Wir haben immer gewusst, dass wir nicht so schlecht sind – bis auf das WAC-Spiel, da waren wir wirklich schlecht. Aber es waren auch Spiele dabei, die wir letzte Saison noch gewonnen hätten. Wir haben Fehler gemacht und billige Gegentore kassiert, die uns letztes Jahr nicht passiert wären. Dass nach einer so guten Saison nach zwei, drei Spielen gleich alles in Frage gestellt wird, hat uns schon nachdenklich gemacht. Wir haben ja gezeigt, was wir imstande sind zu leisten, da hätten wir es uns verdient, dass man uns mehr vertraut. Das alles hat uns jetzt nicht aus der Bahn geworfen, aber es hat uns schon beschäftigt, weil wir auch selbst nicht gleich verstanden haben, warum es so schlecht läuft.

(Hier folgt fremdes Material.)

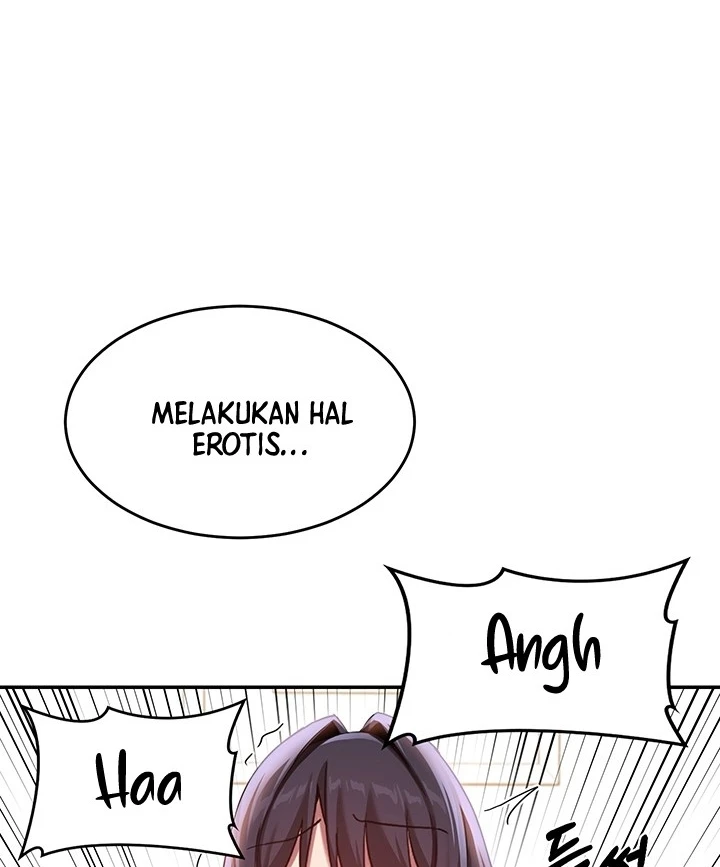 image-komik-sextudy-group-chapter-77-79/107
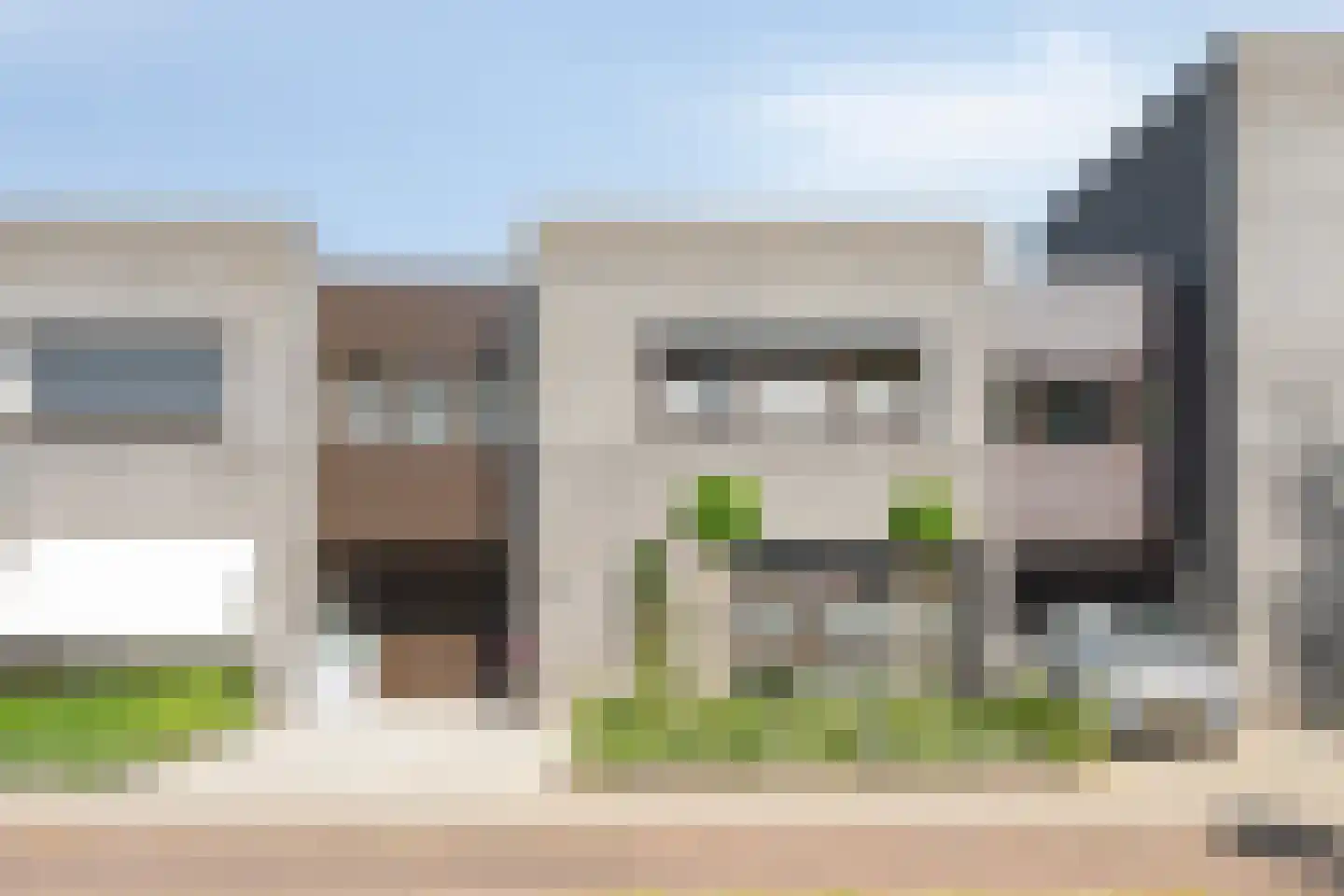 Cavaleriestraat 39 Sittard thumbnail 7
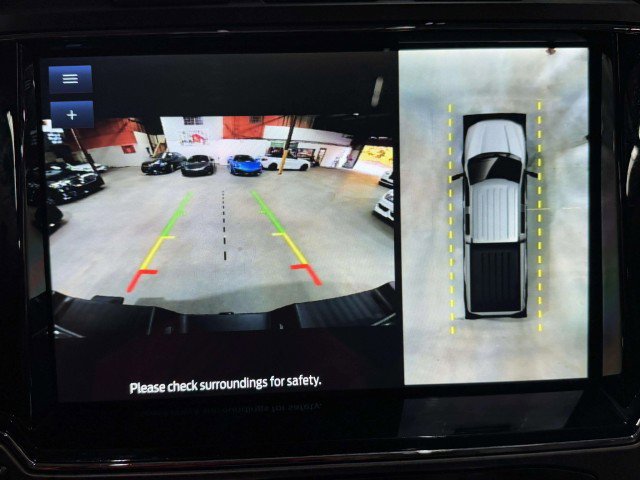 2022 Ford F250 Limited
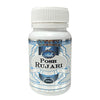 Ath Ayurdhamah Posh Rujari Capsules - 180 Capsules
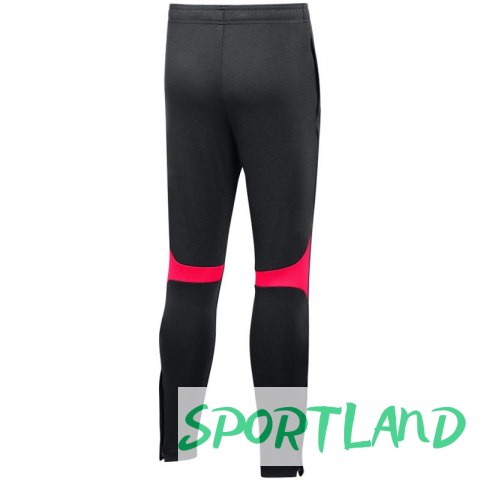 Spodnie Nike Academy Pro Pant Youth Jr DH9325 013 M Spodnie Nike Academy Pro Pant Youth Jr DH9325 013 M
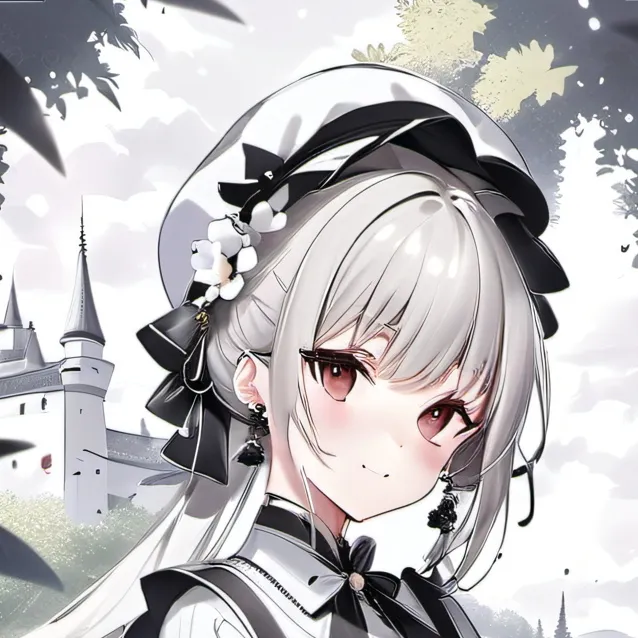 chat with ai character: Sophia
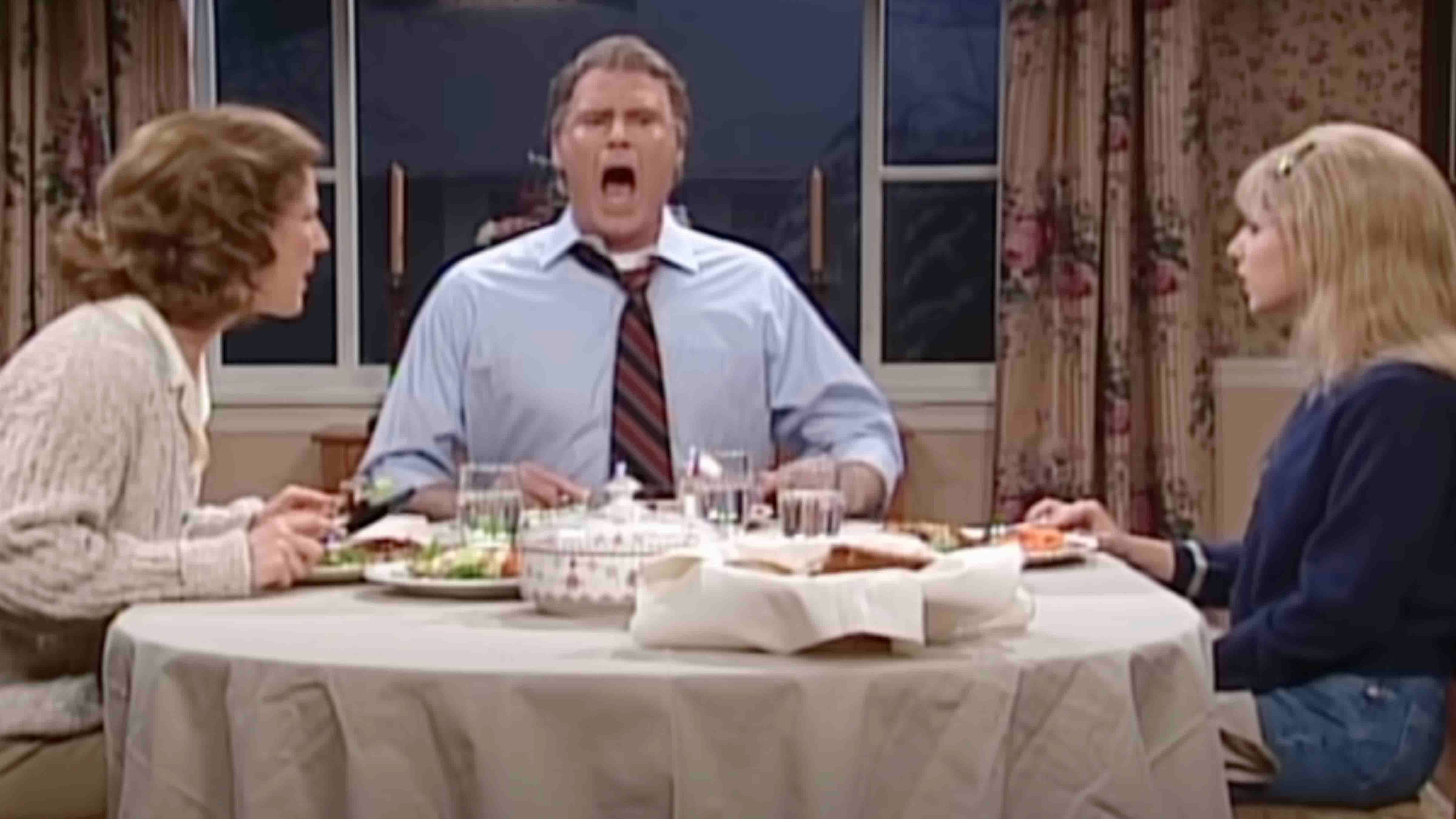 Bonus video 2 9 21 24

Du hast vorhin Dominik Fitz erwähnt, wie viel Fitz steckt schon in Sanel Saljic?

Saljic FK Austria Wien

Er ist so wie Fitzi ein eher kleinerer Spieler, sehr agil, hat einen starken linken Fuß und ist super im Eins-gegen-Eins. Er hat es jetzt die zwei Spiele richtig gut gemacht und gegenüber dem Vorjahr auch einen guten Schritt weiter gemacht. Fitzi war offensiv mit Malone natürlich unsere größte Waffe. Von seinen Flanken, Ecken, Standards, haben wir viel profitiert. Mit Sanel ist es ein bisschen anders, aber das macht uns vielleicht auch nicht mehr so ausrechenbar.

Du hast beim 1:0-Sieg in Graz laut Opta-Daten die meisten klärenden Aktionen deiner Karriere abgeliefert. Hättest du das nach deiner Leidensgeschichte beim LASK vor einem Jahr noch für möglich gehalten?

Man hofft natürlich immer, dass es wieder so wird wie vorher, aber – so ehrlich muss ich sein – letzten Sommer hat es nicht so ausgeschaut. Auch im ersten Dreiviertel-Jahr habe ich immer noch Schmerzen im Knöchel und der Hüfte gehabt, erst jetzt bin ich schmerzfrei. Ich bin happy, dass es wieder so geworden ist, aber – auch das muss ich zugeben – wenn ich vergleiche, wie ich mit 27 oder 28 war, gibt es von der Spritzigkeit her schon einen Unterschied. Ich will mich nicht beklagen, dafür dass ich eineinhalb Jahr verpasst habe und schon ans Karriereende gedacht habe, bin ich sehr zufrieden und auch dankbar, dass mir die Austria die Möglichkeit gegeben hat, noch einmal auf diesem Niveau zu spielen. Aber so unterwegs wie der Reini (Ranftl) mit seinen bald 34 Jahren bin ich leider nicht mehr.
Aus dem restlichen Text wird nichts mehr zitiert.